Different types of cress and watercress?
- rworange Oct 11, 2010 06:14 PM
Whe knew there was more than one type?
In addition to watercress (Nasturtium officinale) there's
GARDEN CRESS (Lepidium sativum) which has sprouts with a hot-sweet peppery bite like horseradish
KOREAN WATERCRESS (minari) The taste is vegetal and very slightly bitter; it adds a great crunch and flavor.
NASTURTIUM (Tropaeolum majus) is grown both for its delicious gold to scarlet blossoms and its lily pad-shaped leaves. It originated in South America, was brought from Peru to Europe in the late 17th century, and now grows proliferously in the south of France.
UPLAND CRESS (Barbarea verna) Its flavor is close to watercress with a mild flavor, lingering sharpness, and delicate, peppery taste.
Except for the Korean cress, the info is from Chow's ingredient database Much more info in this link
Any other varieties and how do you use them? *
I became interested in watercress after having a cooked version and learning it is a superfood
Warm watercress … and some cool ideas for this superveggie
I want to look for and try other varieties.

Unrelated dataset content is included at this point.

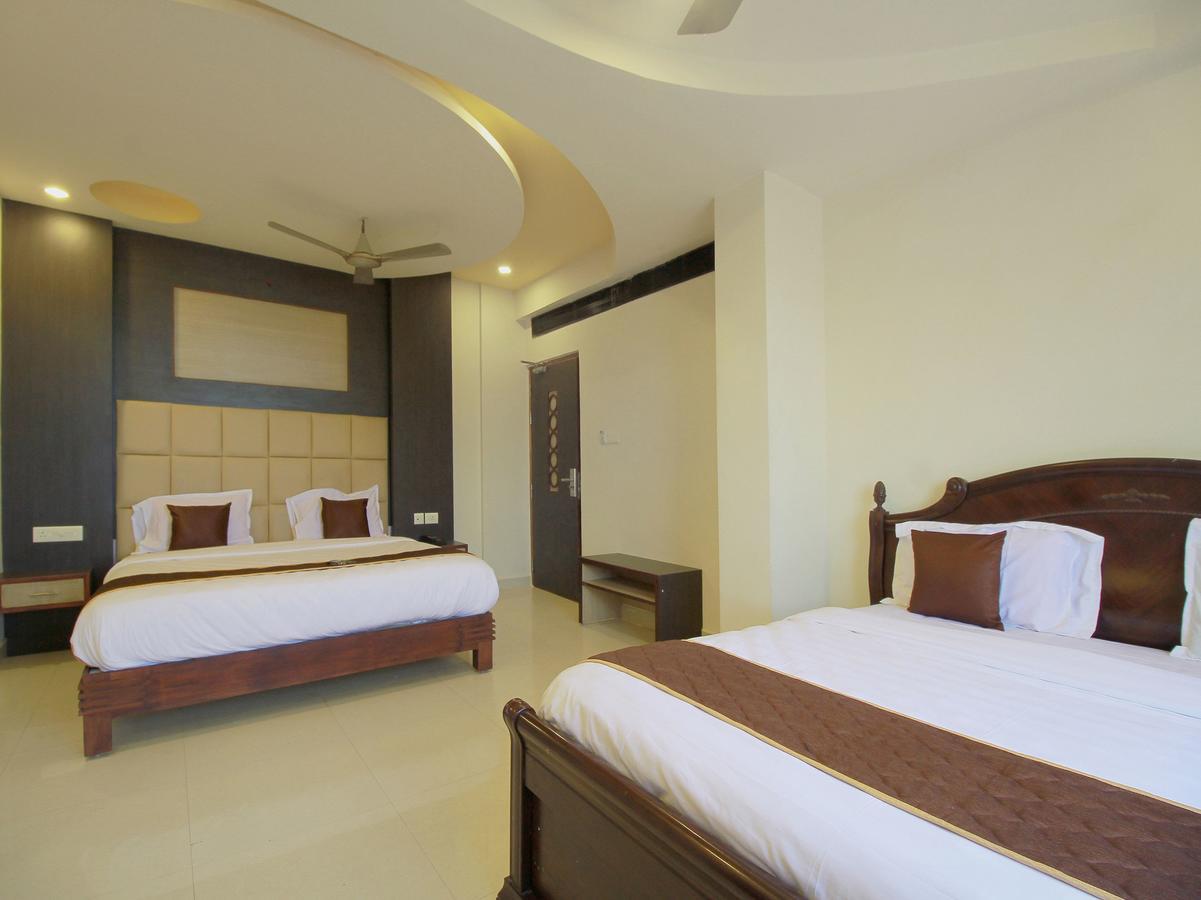 Oyo 11489 Pkn Classic Regency Madurai Luaran gambar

I know that on Top Chef Masters Rick Bayless had a mini meltdown in Whole Foods because he wanted "real watercress."
in the UK you can generally buy regular watercress which you see in the USA and the one that is similar to alfalfa sprouts in appearance but greener known as mustard and cress. It's easy to grow the latter cress on blotting paper and kids often grow it in preschool. Both are common in egg sandwiches but more often it's mustard and cress used for sandwiches. I am guessing that garden cress is the English mustard and cress. Peppery flavoured watercress is the one used for soups which is the larger leaf dark green one.
a quick look at google showed me that mustard and cress was a mix of garden cress and mustard seeds sprouts - I did not know but I guess it makes sense as they are kinda mildly peppery/hot.